▸ **TASK DESCRIPTION**: Nothing in the entries may change when they are transcribed.
(Beginning of SOURCE MATERIAL)
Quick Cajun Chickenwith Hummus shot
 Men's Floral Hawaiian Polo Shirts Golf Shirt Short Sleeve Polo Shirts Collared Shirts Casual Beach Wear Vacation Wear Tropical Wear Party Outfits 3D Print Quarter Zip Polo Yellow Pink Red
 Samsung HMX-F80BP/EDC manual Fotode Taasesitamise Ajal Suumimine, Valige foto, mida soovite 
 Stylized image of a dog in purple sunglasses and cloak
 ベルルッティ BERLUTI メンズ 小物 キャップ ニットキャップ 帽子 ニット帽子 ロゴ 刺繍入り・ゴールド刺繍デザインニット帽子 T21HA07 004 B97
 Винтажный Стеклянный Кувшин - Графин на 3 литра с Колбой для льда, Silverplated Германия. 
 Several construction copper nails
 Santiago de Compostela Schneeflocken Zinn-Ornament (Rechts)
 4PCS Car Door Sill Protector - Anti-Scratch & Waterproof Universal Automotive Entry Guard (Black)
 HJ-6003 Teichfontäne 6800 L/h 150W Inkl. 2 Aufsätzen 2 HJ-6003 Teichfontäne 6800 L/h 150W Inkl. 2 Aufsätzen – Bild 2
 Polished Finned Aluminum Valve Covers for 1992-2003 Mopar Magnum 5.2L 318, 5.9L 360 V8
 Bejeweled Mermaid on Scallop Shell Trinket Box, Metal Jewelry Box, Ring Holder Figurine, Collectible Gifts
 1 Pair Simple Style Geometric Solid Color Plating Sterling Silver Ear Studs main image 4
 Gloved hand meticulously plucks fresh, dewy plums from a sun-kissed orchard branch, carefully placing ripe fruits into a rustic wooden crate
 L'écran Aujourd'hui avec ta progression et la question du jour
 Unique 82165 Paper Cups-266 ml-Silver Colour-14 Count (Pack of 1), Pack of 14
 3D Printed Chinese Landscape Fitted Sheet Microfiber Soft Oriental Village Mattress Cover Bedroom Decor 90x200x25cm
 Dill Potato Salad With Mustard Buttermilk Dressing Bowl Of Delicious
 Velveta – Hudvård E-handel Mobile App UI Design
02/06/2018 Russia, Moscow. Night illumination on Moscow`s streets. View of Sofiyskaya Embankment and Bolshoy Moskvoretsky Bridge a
(End of SOURCE MATERIAL)
▸ **ANSWER SPACE**:
Quick Cajun Chickenwith Hummus shot
 Men's Floral Hawaiian Polo Shirts Golf Shirt Short Sleeve Polo Shirts Collared Shirts Casual Beach Wear Vacation Wear Tropical Wear Party Outfits 3D Print Quarter Zip Polo Yellow Pink Red
 Samsung HMX-F80BP/EDC manual Fotode Taasesitamise Ajal Suumimine, Valige foto, mida soovite 
 Stylized image of a dog in purple sunglasses and cloak
 ベルルッティ BERLUTI メンズ 小物 キャップ ニットキャップ 帽子 ニット帽子 ロゴ 刺繍入り・ゴールド刺繍デザインニット帽子 T21HA07 004 B97
 Винтажный Стеклянный Кувшин - Графин на 3 литра с Колбой для льда, Silverplated Германия. 
 Several construction copper nails
 Santiago de Compostela Schneeflocken Zinn-Ornament (Rechts)
 4PCS Car Door Sill Protector - Anti-Scratch & Waterproof Universal Automotive Entry Guard (Black)
 HJ-6003 Teichfontäne 6800 L/h 150W Inkl. 2 Aufsätzen 2 HJ-6003 Teichfontäne 6800 L/h 150W Inkl. 2 Aufsätzen – Bild 2
 Polished Finned Aluminum Valve Covers for 1992-2003 Mopar Magnum 5.2L 318, 5.9L 360 V8
 Bejeweled Mermaid on Scallop Shell Trinket Box, Metal Jewelry Box, Ring Holder Figurine, Collectible Gifts
 1 Pair Simple Style Geometric Solid Color Plating Sterling Silver Ear Studs main image 4
 Gloved hand meticulously plucks fresh, dewy plums from a sun-kissed orchard branch, carefully placing ripe fruits into a rustic wooden crate
 L'écran Aujourd'hui avec ta progression et la question du jour
 Unique 82165 Paper Cups-266 ml-Silver Colour-14 Count (Pack of 1), Pack of 14
 3D Printed Chinese Landscape Fitted Sheet Microfiber Soft Oriental Village Mattress Cover Bedroom Decor 90x200x25cm
 Dill Potato Salad With Mustard Buttermilk Dressing Bowl Of Delicious
 Velveta – Hudvård E-handel Mobile App UI Design
02/06/2018 Russia, Moscow. Night illumination on Moscow`s streets. View of Sofiyskaya Embankment and Bolshoy Moskvoretsky Bridge a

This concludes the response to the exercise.